▶ _WHAT THE TASK REQUIRES_
Pictures are to be left out, and every entry repeated exactly.

▶ _DATASET EXCERPTS_
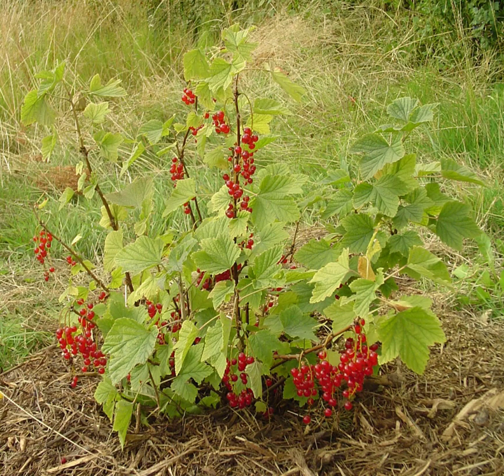It has five-lobed leaves arranged spirally on the stems. The flowers are inconspicuous yellow-green, in pendulous 4–8 cm clusters, maturing into bright red translucent edible berries about 8–12 mm in diameter, with 3–10 berries on each raceme. An established bush can produce 3–4 kg of berries from mid to late summer.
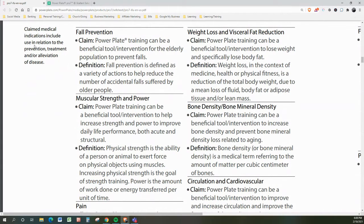Muscular strength and power: the claim by PowerPlate is that PowerPlate training can be a beneficial tool and intervention to help increase strength and power to improve daily life performance, both acute and structural. Physical strength is the ability of a person or animal to exert force on physical objects using muscles. Increasing physical strength is the goal of strength training. Power is the amount of work done or energy transferred per unit of time.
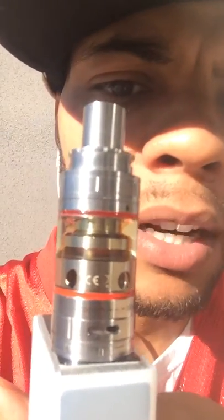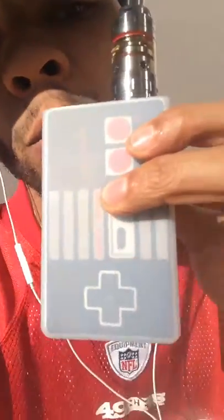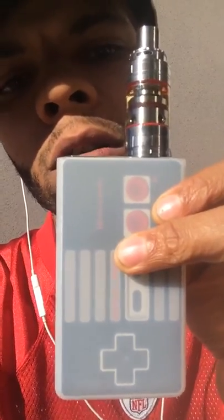So that's the iJoy Reaper Plus — check it out. It's a good price, a good product for the price. Enjoying it on my segalia couch with my new — oh, that's not a Game Boy, it's a Nintendo remote control. You know that's fresh. Alright, I'm gone, peace.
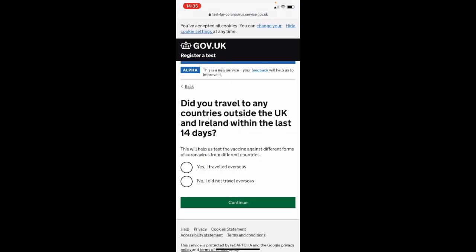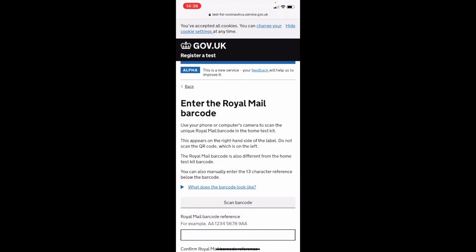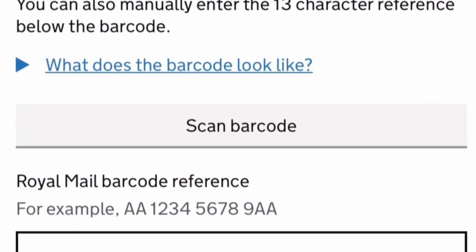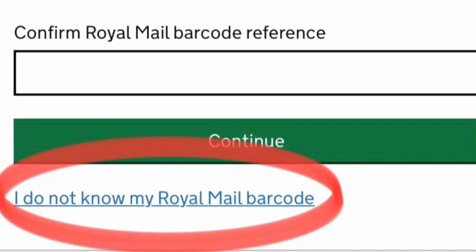You'll then be asked if you've traveled anywhere and where you're taking your test. You'll then be asked to enter the Royal Mail barcode. You don't have one of these on your kit, so please scroll down and press 'I do not know my Royal Mail barcode'.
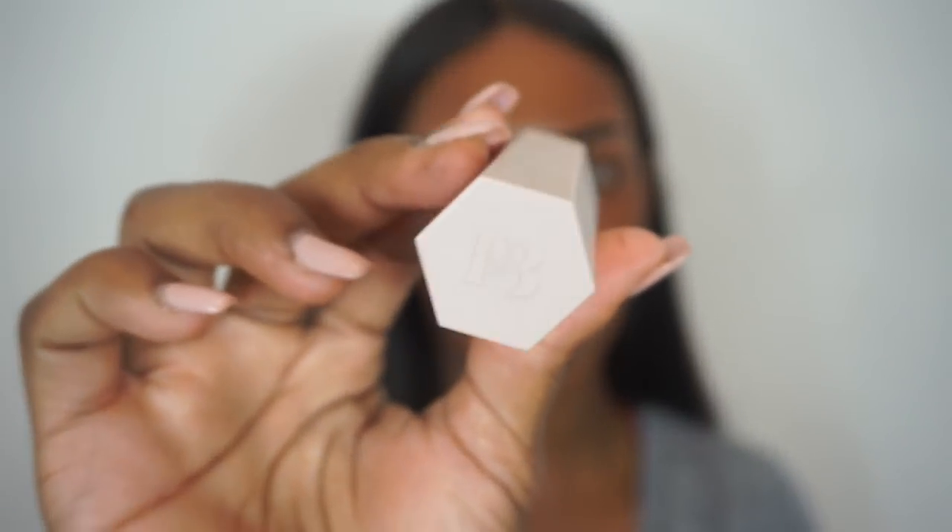How cute is this packaging — you see the FB on it for Fenty Beauty. The first product we're going to go into, because it's my favorite part of doing my makeup, is going to be the suede highlighter stick. I'm going to go in with the highlighter stick all over my face and just see how I like it. I'm not usually a big fan of cream highlighting but I'm gonna give this a try.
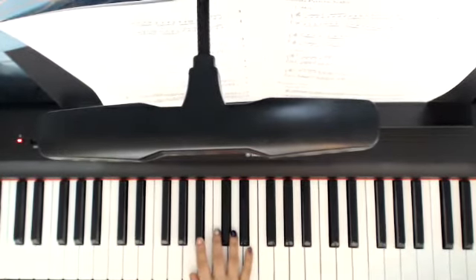For your right hand, you can choose to either start the B-flat major and end the B-flat major with second finger or third finger. It doesn't matter. I'm going to start with my second finger.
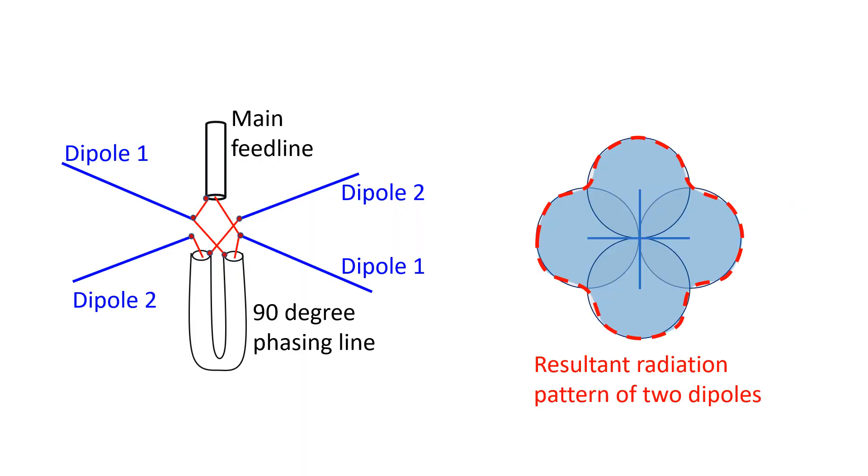The two dipoles in a turnstile antenna are fed with signals which are 90 degrees out of phase to each other. This is known as quadrature feed. It may be noted that 90 degrees is one fourth of a sine wave cycle which is 360 degrees. The two figure-of-8 radiation patterns of the two dipoles, when combined, appear like a clover leaf pattern which is almost circular. The feed line is typically a quarter wavelength coaxial cable.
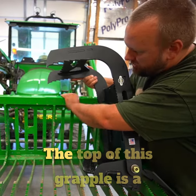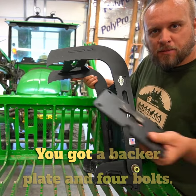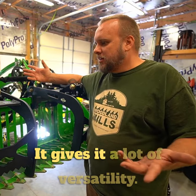This is what our clamp looks like. The top of this grapple is a square tubing that fits right in here. You've got a backer plate and four bolts. I can use it as a rock bucket or I can use it as a grapple. It gives it a lot of versatility.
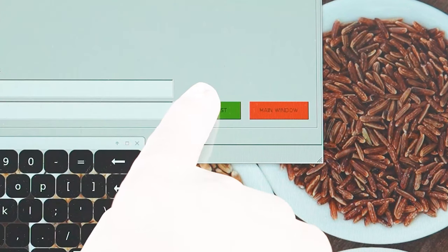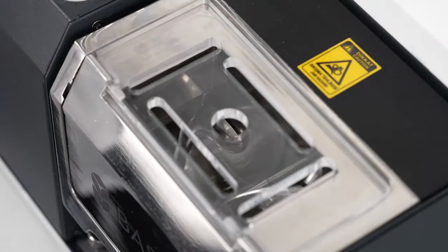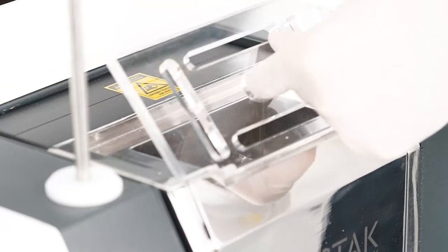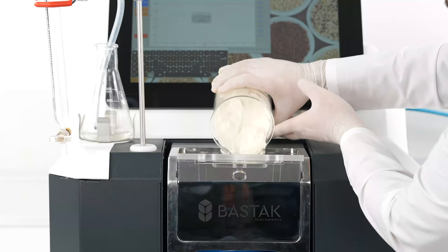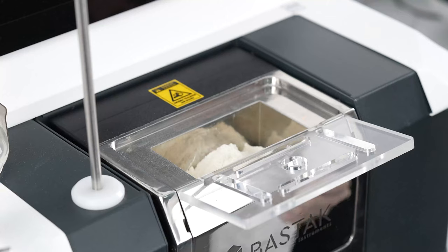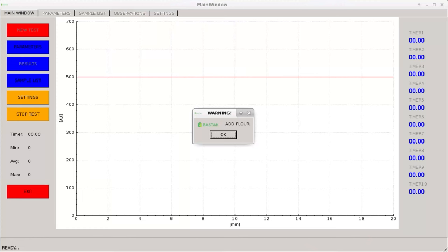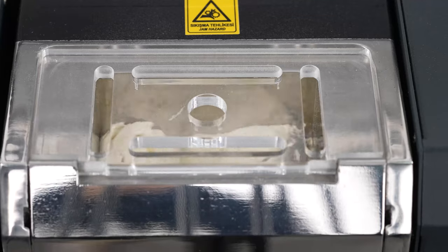The start test indicator is selected and the engine of the device starts to run. After 10 seconds, an add flour warning is displayed on the touch screen. The cover of the kneading unit is carefully opened and the flour sample is poured into the sample container of the kneading unit. The plexiglass cover is carefully closed and the OK button is pressed. The kneading blades then mix the sample for 45 seconds for homogenization.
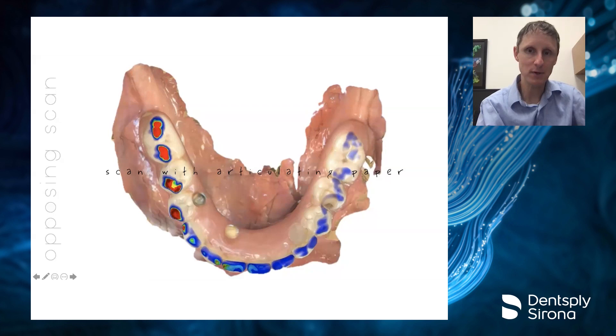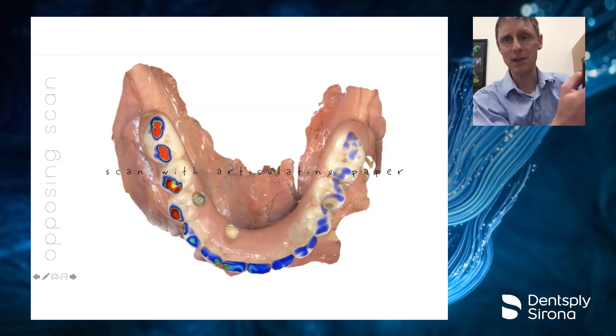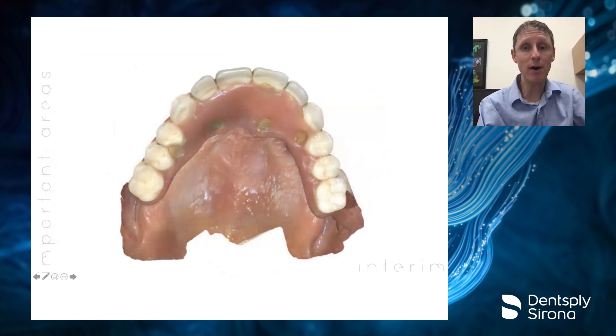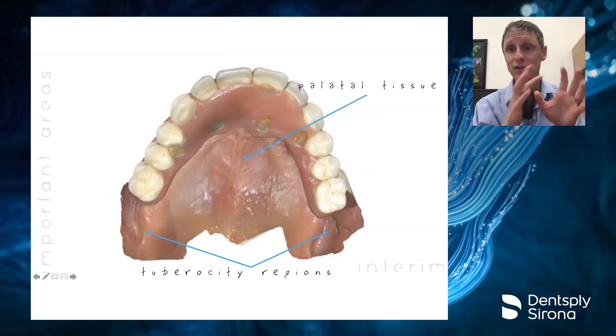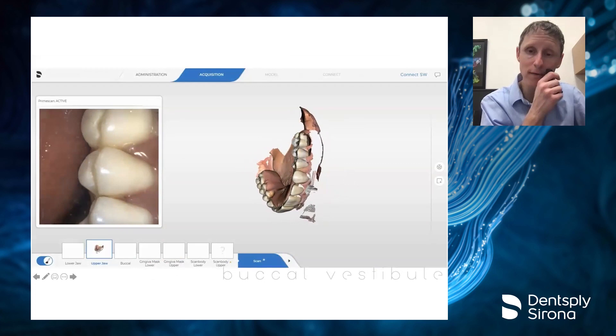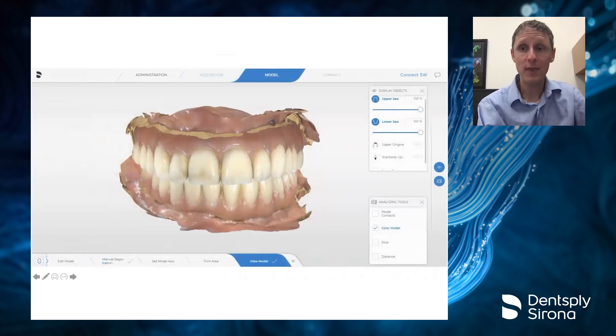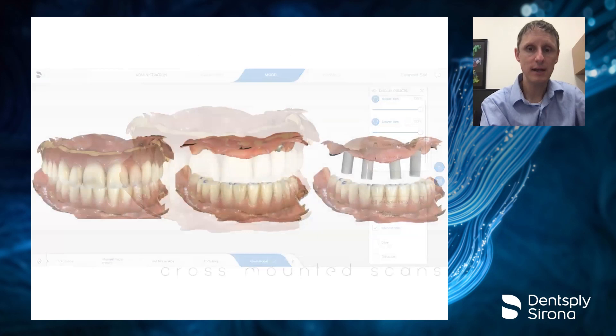For the upper arch scan, the important areas are the tuberosity regions and the palate, where we've got a lot of good tissue. When scanning the buccal vestibule, put your scanner in there and have the patient close slightly — that gives you a little more space to get in and scan those areas. All this data goes to the lab and is sent over to them, with everything cross-arch mounted exactly where we want it and a verified bite.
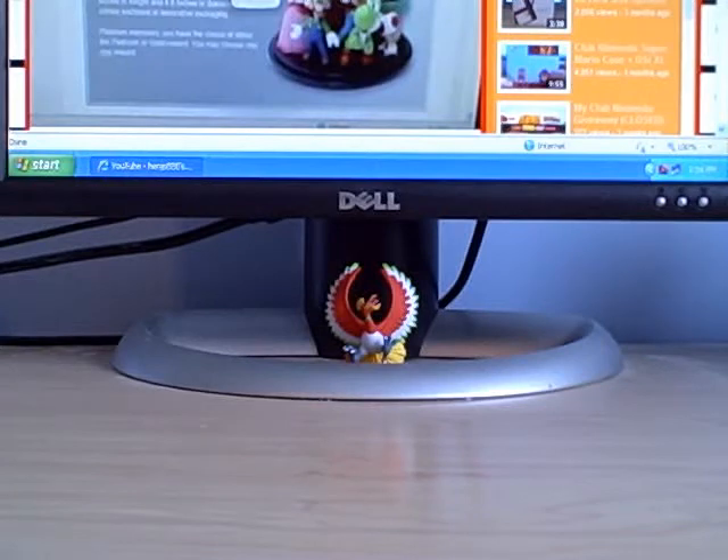Hey everyone, Handjell555 here. Today I've got a special double feature video. It's going to be an unboxing of Sonic Classic Collection, and also, finally, I've got the results of the Grilloff with Ultra Hand Drawing. I can congratulate who won. You guys will see that right after the unboxing.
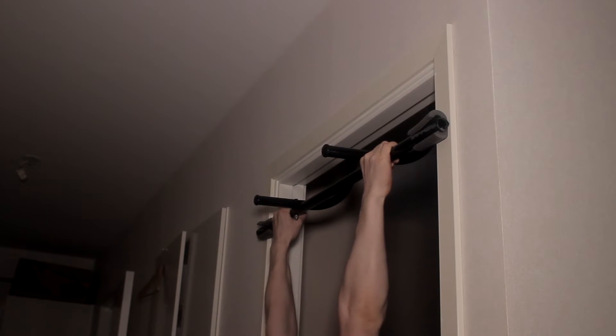If you want to build a strong back, being able to do pull-ups is a must. A door-mounted pull-up bar allows you to do pull-ups any time at home. It takes seconds to mount, it's really affordable and does not take up a lot of space.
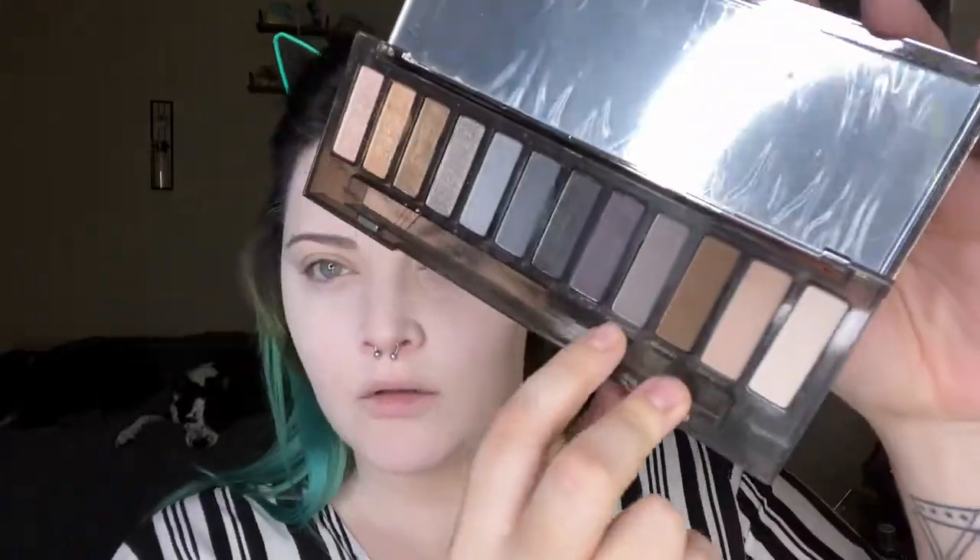Then I'm going to prime my eyes and take the Urban Decay Naked Smoky palette shade Password to use as my contour. I'm going to use it to hollow out my cheekbones, along my jawline, down my neck, and my collarbones. I want to look like I'm hollowed out because I am a corpse, so I don't want to look so meaty.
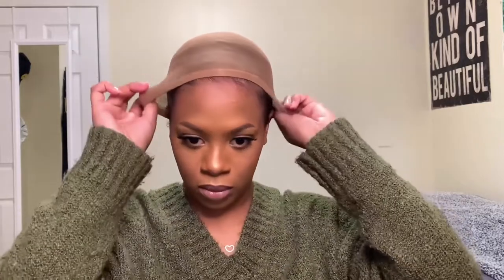Now I'm gonna put a wig cap on just to protect my hair underneath. This is what it's gonna look like underneath the wig.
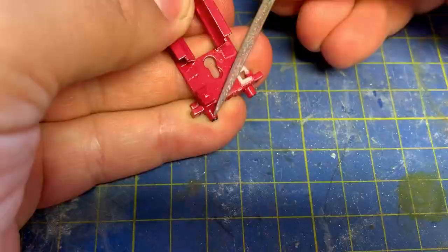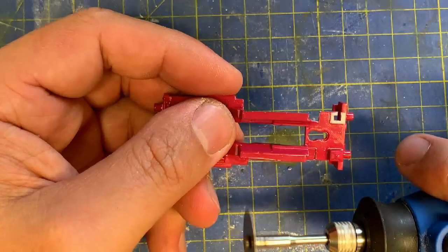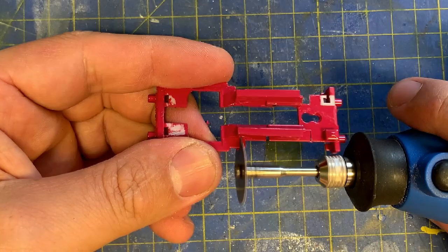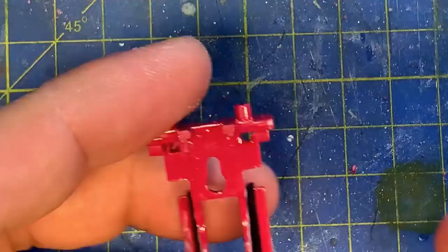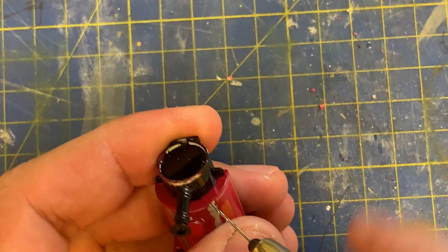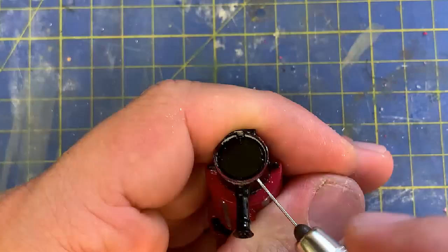The main work is on the sides, as Skarloey from this era didn't have full running boards, so these are cut off with a Dremel. I don't take it all away, to leave some support for the body when it's put back together. The hole left by the sandbox has a thin piece of plastic glued from below to prepare for filling in later. Holes are drilled in the tank for the new handrails — it's easy to get them level as you can see where the original castings were, so it's best to do it now before we strip the paint. The smoke box handrail holes are also drilled through.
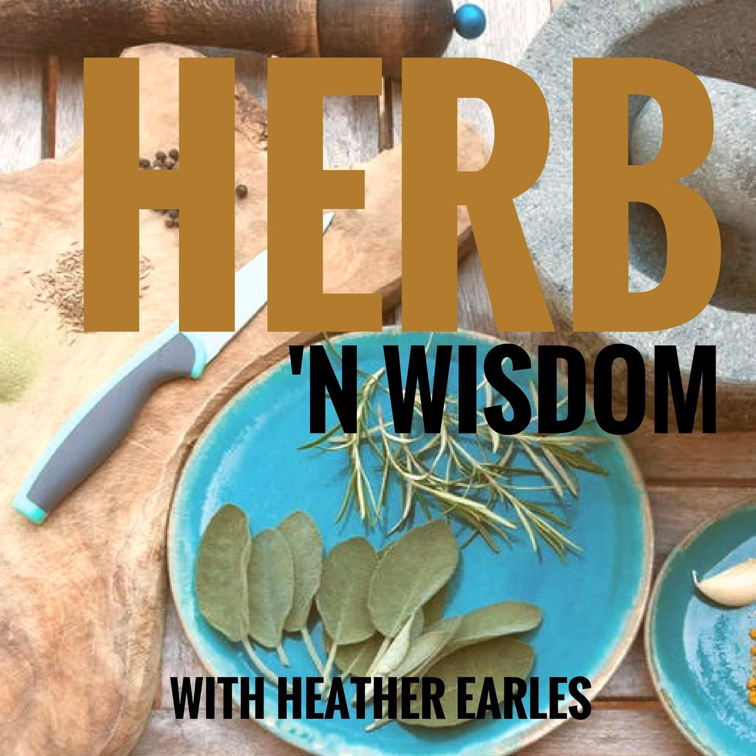Ingredients needed for a single batch: all-purpose flour, two cups; buttermilk, three-quarter cup; baking soda, a quarter teaspoon — not a quarter cup; baking powder, two teaspoons; sugar, one tablespoon; salt, one teaspoon; and lard, homemade or like shortening from the store — you want half a cup.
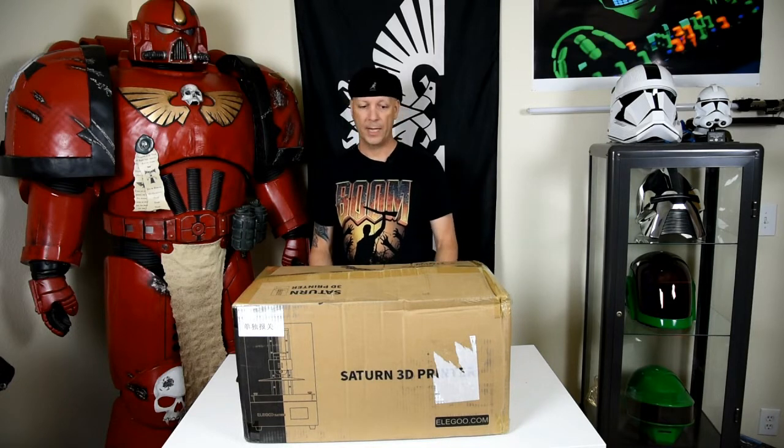Hey everyone, my name is Felix and this is Eastwood Fab. What I have for you today is the Saturn 3D printer by Elegoo. This is their latest printer after they debuted their Mars printer, which is a smaller printer. This is the mid-sized printer and it will be available next month, which would be November of 2020. I managed to pick it up during the second phase of the pre-order, and it arrived yesterday. I'm looking forward to unboxing it with you, going through some prints, showing you the results, and giving you tips and tricks to make your printing experience the best it can be.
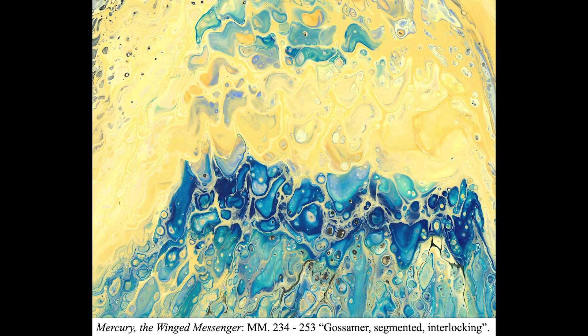The fourth and fifth paintings use the exact same pouring technique. However, in the fourth section, the instrumentation is significantly more stratified between high and low voices, hence the clear separation of colors in this painting.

▶ _PROBLEM SOLUTION_
It has five-lobed leaves arranged spirally on the stems. The flowers are inconspicuous yellow-green, in pendulous 4–8 cm clusters, maturing into bright red translucent edible berries about 8–12 mm in diameter, with 3–10 berries on each raceme. An established bush can produce 3–4 kg of berries from mid to late summer.
Muscular strength and power: the claim by PowerPlate is that PowerPlate training can be a beneficial tool and intervention to help increase strength and power to improve daily life performance, both acute and structural. Physical strength is the ability of a person or animal to exert force on physical objects using muscles. Increasing physical strength is the goal of strength training. Power is the amount of work done or energy transferred per unit of time.
So that's the iJoy Reaper Plus — check it out. It's a good price, a good product for the price. Enjoying it on my segalia couch with my new — oh, that's not a Game Boy, it's a Nintendo remote control. You know that's fresh. Alright, I'm gone, peace.
You'll then be asked if you've traveled anywhere and where you're taking your test. You'll then be asked to enter the Royal Mail barcode. You don't have one of these on your kit, so please scroll down and press 'I do not know my Royal Mail barcode'.
How cute is this packaging — you see the FB on it for Fenty Beauty. The first product we're going to go into, because it's my favorite part of doing my makeup, is going to be the suede highlighter stick. I'm going to go in with the highlighter stick all over my face and just see how I like it. I'm not usually a big fan of cream highlighting but I'm gonna give this a try.
For your right hand, you can choose to either start the B-flat major and end the B-flat major with second finger or third finger. It doesn't matter. I'm going to start with my second finger.
The two dipoles in a turnstile antenna are fed with signals which are 90 degrees out of phase to each other. This is known as quadrature feed. It may be noted that 90 degrees is one fourth of a sine wave cycle which is 360 degrees. The two figure-of-8 radiation patterns of the two dipoles, when combined, appear like a clover leaf pattern which is almost circular. The feed line is typically a quarter wavelength coaxial cable.
This is what our clamp looks like. The top of this grapple is a square tubing that fits right in here. You've got a backer plate and four bolts. I can use it as a rock bucket or I can use it as a grapple. It gives it a lot of versatility.
The start test indicator is selected and the engine of the device starts to run. After 10 seconds, an add flour warning is displayed on the touch screen. The cover of the kneading unit is carefully opened and the flour sample is poured into the sample container of the kneading unit. The plexiglass cover is carefully closed and the OK button is pressed. The kneading blades then mix the sample for 45 seconds for homogenization.
For the upper arch scan, the important areas are the tuberosity regions and the palate, where we've got a lot of good tissue. When scanning the buccal vestibule, put your scanner in there and have the patient close slightly — that gives you a little more space to get in and scan those areas. All this data goes to the lab and is sent over to them, with everything cross-arch mounted exactly where we want it and a verified bite.
Hey everyone, Handjell555 here. Today I've got a special double feature video. It's going to be an unboxing of Sonic Classic Collection, and also, finally, I've got the results of the Grilloff with Ultra Hand Drawing. I can congratulate who won. You guys will see that right after the unboxing.
If you want to build a strong back, being able to do pull-ups is a must. A door-mounted pull-up bar allows you to do pull-ups any time at home. It takes seconds to mount, it's really affordable and does not take up a lot of space.
Then I'm going to prime my eyes and take the Urban Decay Naked Smoky palette shade Password to use as my contour. I'm going to use it to hollow out my cheekbones, along my jawline, down my neck, and my collarbones. I want to look like I'm hollowed out because I am a corpse, so I don't want to look so meaty.
Now I'm gonna put a wig cap on just to protect my hair underneath. This is what it's gonna look like underneath the wig.
The main work is on the sides, as Skarloey from this era didn't have full running boards, so these are cut off with a Dremel. I don't take it all away, to leave some support for the body when it's put back together. The hole left by the sandbox has a thin piece of plastic glued from below to prepare for filling in later. Holes are drilled in the tank for the new handrails — it's easy to get them level as you can see where the original castings were, so it's best to do it now before we strip the paint. The smoke box handrail holes are also drilled through.
Ingredients needed for a single batch: all-purpose flour, two cups; buttermilk, three-quarter cup; baking soda, a quarter teaspoon — not a quarter cup; baking powder, two teaspoons; sugar, one tablespoon; salt, one teaspoon; and lard, homemade or like shortening from the store — you want half a cup.
Hey everyone, my name is Felix and this is Eastwood Fab. What I have for you today is the Saturn 3D printer by Elegoo. This is their latest printer after they debuted their Mars printer, which is a smaller printer. This is the mid-sized printer and it will be available next month, which would be November of 2020. I managed to pick it up during the second phase of the pre-order, and it arrived yesterday. I'm looking forward to unboxing it with you, going through some prints, showing you the results, and giving you tips and tricks to make your printing experience the best it can be.
The fourth and fifth paintings use the exact same pouring technique. However, in the fourth section, the instrumentation is significantly more stratified between high and low voices, hence the clear separation of colors in this painting.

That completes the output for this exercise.